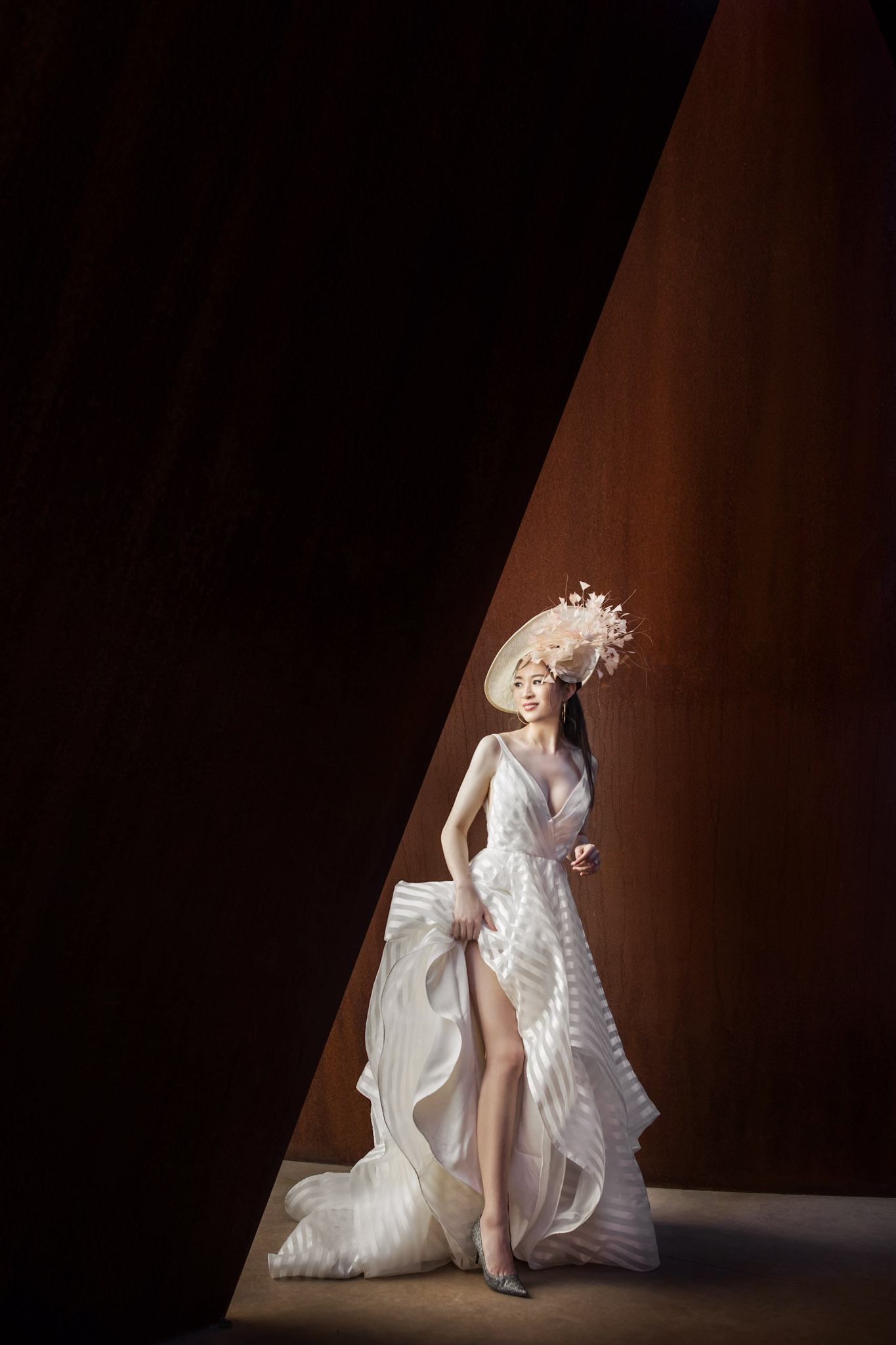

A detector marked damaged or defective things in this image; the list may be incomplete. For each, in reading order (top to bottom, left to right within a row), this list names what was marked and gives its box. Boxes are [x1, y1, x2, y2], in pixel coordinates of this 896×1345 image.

rusty brown wall [293, 0, 896, 1198]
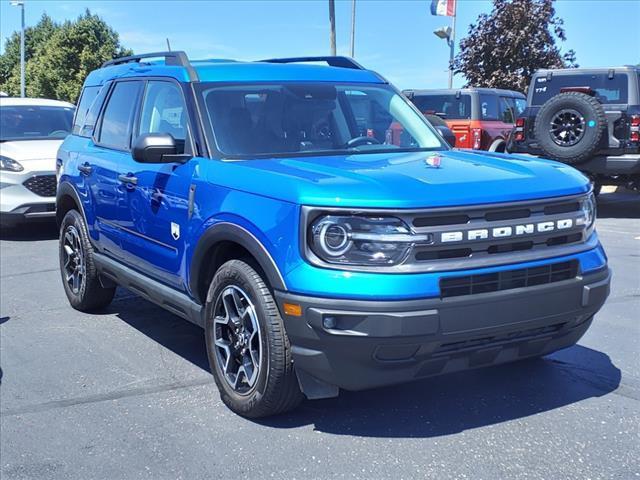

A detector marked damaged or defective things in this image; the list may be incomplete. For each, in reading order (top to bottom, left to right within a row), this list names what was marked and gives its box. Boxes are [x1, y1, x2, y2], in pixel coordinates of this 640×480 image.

pavement crack [0, 376, 215, 418]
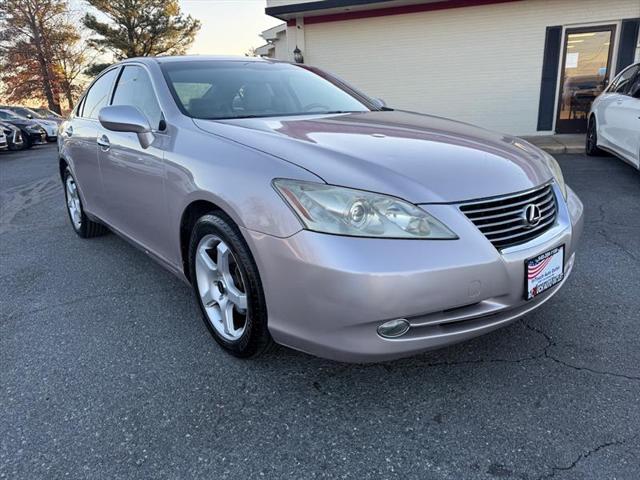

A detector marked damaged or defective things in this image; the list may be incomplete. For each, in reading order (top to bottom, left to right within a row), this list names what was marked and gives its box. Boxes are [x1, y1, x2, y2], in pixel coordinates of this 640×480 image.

crack in asphalt [520, 322, 640, 382]
crack in asphalt [536, 436, 640, 480]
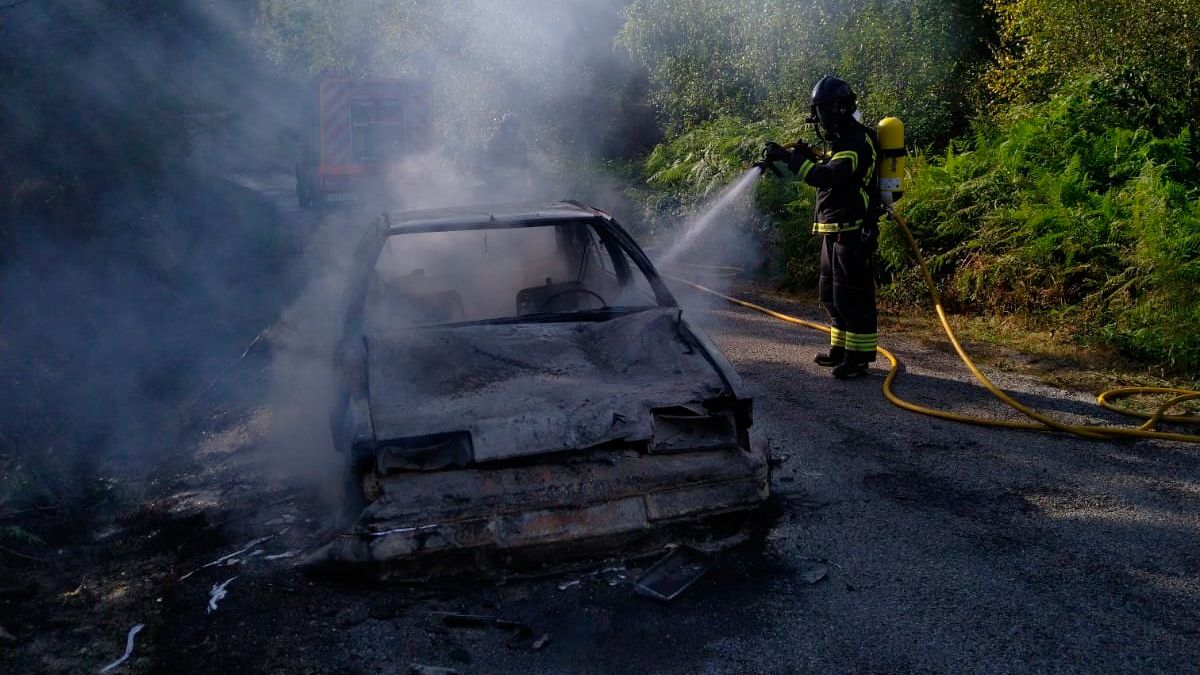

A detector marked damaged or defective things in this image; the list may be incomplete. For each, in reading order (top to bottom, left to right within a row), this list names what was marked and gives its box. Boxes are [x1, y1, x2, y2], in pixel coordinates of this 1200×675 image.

broken car part on ground [300, 200, 768, 571]
burned car [307, 201, 768, 569]
rusted car body panel [304, 201, 772, 569]
charred car hood [364, 306, 734, 458]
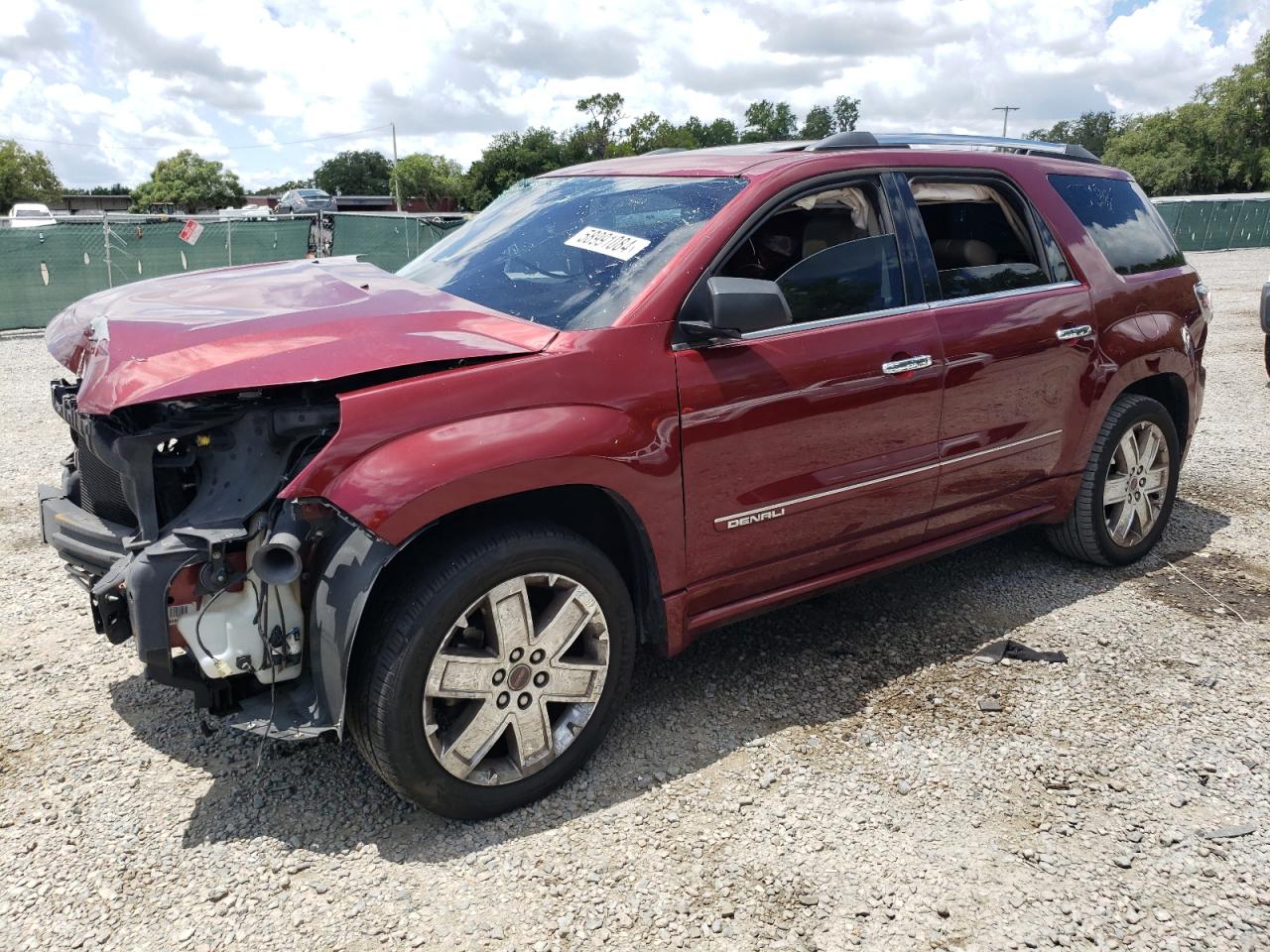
▬▬▬▬▬▬▬▬▬▬
EXERCISE PROMPT: Nothing but the lines from the one holding "this 1200×675 image." through the last line of the listing should appear in the answer, copied exactly and without pictures.

OUTPUT FOR THIS EXERCISE:
A detector marked damaged or defective things in this image; the list may be incomplete. For each, in reading order (top to bottom, left to right within a row), this list names what was marked and gives its box. Boxes are [x1, y1, x2, y2], in pixel coordinates of this 1200×675 image.

broken car part on ground [300, 200, 768, 571]
burned car [307, 201, 768, 569]
rusted car body panel [304, 201, 772, 569]
charred car hood [364, 306, 734, 458]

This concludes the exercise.